PROBLEM TO SOLVE:
Please copy the data below exactly; none of the pictures in it belong in the copy.

** Opening DATA SHOWN block **

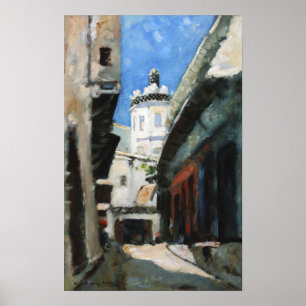 Lebourg - La Rue Des Bouchers 1873 Poster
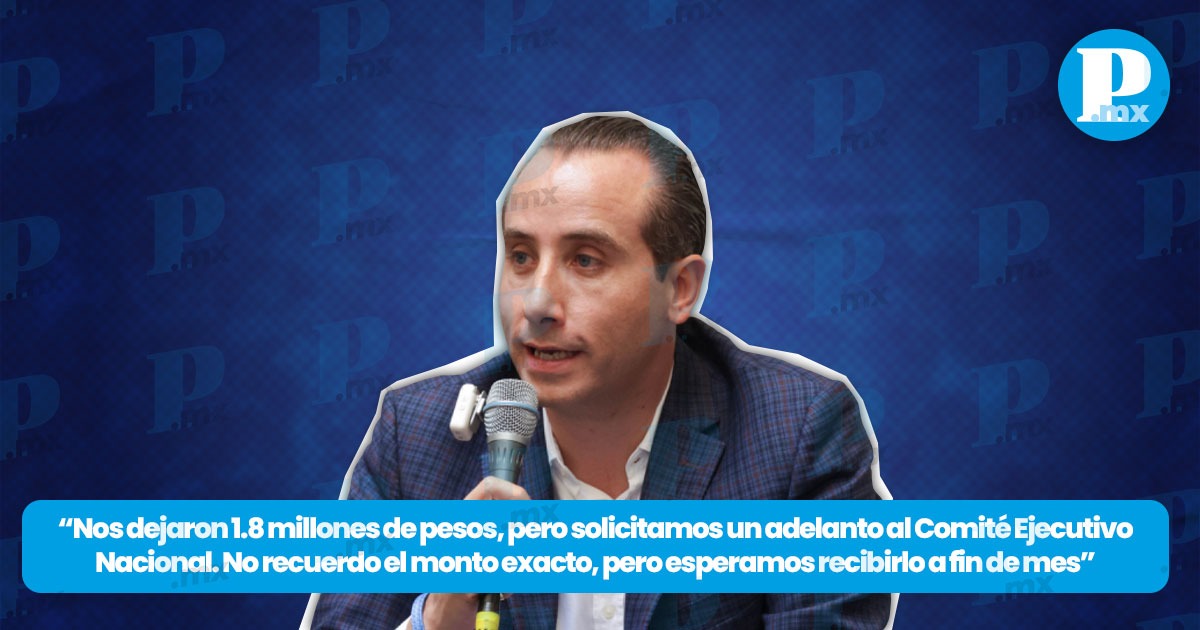 Mario Riestra solicita adelanto de recursos al CEN del PAN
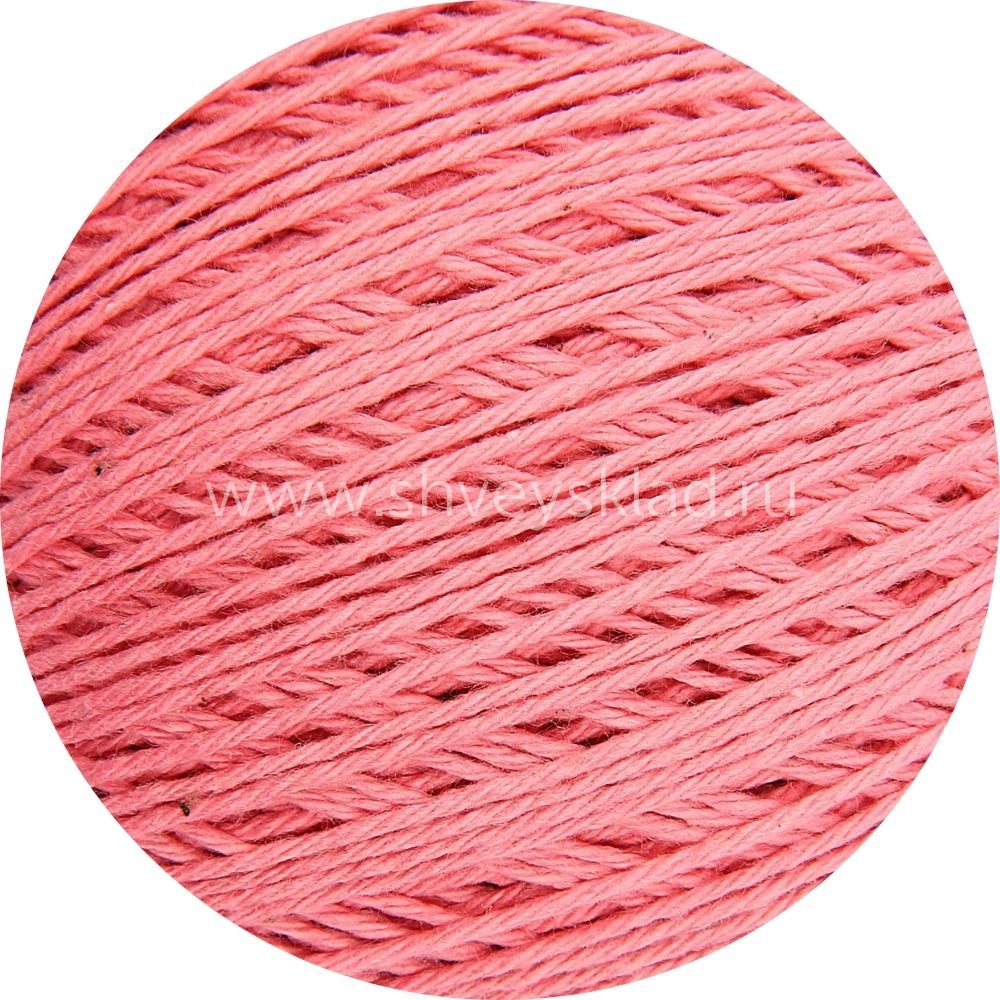 Пряжа ПНК им.Кирова Фиалка / уп.6 мот. по 75 г, 225м 0801/034 розовый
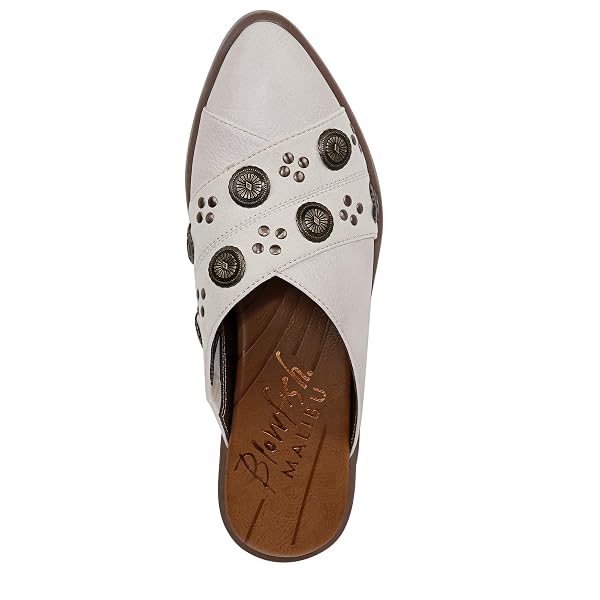 BLOWFISH MALIBU WOMENS HAZEL MULE OFF WHITE 11 M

** Closing DATA SHOWN block **

YOUR SOLUTION:
 Lebourg - La Rue Des Bouchers 1873 Poster
 Mario Riestra solicita adelanto de recursos al CEN del PAN
 Пряжа ПНК им.Кирова Фиалка / уп.6 мот. по 75 г, 225м 0801/034 розовый
 BLOWFISH MALIBU WOMENS HAZEL MULE OFF WHITE 11 M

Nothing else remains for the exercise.